## TASK TO CARRY OUT:
Of all the entries below, only the lines from the one with "Casa com 64,51 m2" up to and including the one with "Nương Tử Nhà" are to be duplicated exactly.

## DATASET:
==============================
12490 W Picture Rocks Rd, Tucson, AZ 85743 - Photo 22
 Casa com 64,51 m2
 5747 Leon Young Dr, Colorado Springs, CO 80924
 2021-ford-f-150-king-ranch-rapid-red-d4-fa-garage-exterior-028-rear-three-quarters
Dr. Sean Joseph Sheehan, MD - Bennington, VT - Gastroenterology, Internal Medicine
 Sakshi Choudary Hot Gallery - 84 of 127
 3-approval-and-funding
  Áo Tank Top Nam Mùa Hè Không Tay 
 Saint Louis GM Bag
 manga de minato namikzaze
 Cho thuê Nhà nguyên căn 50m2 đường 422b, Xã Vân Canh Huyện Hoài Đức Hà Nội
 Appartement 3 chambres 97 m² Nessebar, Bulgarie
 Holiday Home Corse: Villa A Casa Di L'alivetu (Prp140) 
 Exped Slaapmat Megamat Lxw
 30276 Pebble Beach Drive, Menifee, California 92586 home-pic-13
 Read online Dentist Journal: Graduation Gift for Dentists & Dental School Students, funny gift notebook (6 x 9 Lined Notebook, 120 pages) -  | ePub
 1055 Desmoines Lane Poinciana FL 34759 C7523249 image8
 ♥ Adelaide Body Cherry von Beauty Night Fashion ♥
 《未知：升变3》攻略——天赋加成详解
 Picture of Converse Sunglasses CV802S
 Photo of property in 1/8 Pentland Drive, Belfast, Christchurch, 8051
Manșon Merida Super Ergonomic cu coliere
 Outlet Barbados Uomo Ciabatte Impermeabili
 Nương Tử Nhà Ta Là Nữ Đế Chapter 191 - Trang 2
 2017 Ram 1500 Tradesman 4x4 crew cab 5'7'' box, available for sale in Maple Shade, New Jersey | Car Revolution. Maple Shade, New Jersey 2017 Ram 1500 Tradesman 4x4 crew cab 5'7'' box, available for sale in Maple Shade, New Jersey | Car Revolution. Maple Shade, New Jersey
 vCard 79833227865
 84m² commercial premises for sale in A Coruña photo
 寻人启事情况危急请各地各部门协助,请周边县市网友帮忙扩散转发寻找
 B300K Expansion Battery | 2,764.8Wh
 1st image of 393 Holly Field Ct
==============================
## SOLUTION TO THIS PROBLEM:
 Casa com 64,51 m2
 5747 Leon Young Dr, Colorado Springs, CO 80924
 2021-ford-f-150-king-ranch-rapid-red-d4-fa-garage-exterior-028-rear-three-quarters
Dr. Sean Joseph Sheehan, MD - Bennington, VT - Gastroenterology, Internal Medicine
 Sakshi Choudary Hot Gallery - 84 of 127
 3-approval-and-funding
  Áo Tank Top Nam Mùa Hè Không Tay 
 Saint Louis GM Bag
 manga de minato namikzaze
 Cho thuê Nhà nguyên căn 50m2 đường 422b, Xã Vân Canh Huyện Hoài Đức Hà Nội
 Appartement 3 chambres 97 m² Nessebar, Bulgarie
 Holiday Home Corse: Villa A Casa Di L'alivetu (Prp140) 
 Exped Slaapmat Megamat Lxw
 30276 Pebble Beach Drive, Menifee, California 92586 home-pic-13
 Read online Dentist Journal: Graduation Gift for Dentists & Dental School Students, funny gift notebook (6 x 9 Lined Notebook, 120 pages) -  | ePub
 1055 Desmoines Lane Poinciana FL 34759 C7523249 image8
 ♥ Adelaide Body Cherry von Beauty Night Fashion ♥
 《未知：升变3》攻略——天赋加成详解
 Picture of Converse Sunglasses CV802S
 Photo of property in 1/8 Pentland Drive, Belfast, Christchurch, 8051
Manșon Merida Super Ergonomic cu coliere
 Outlet Barbados Uomo Ciabatte Impermeabili
 Nương Tử Nhà Ta Là Nữ Đế Chapter 191 - Trang 2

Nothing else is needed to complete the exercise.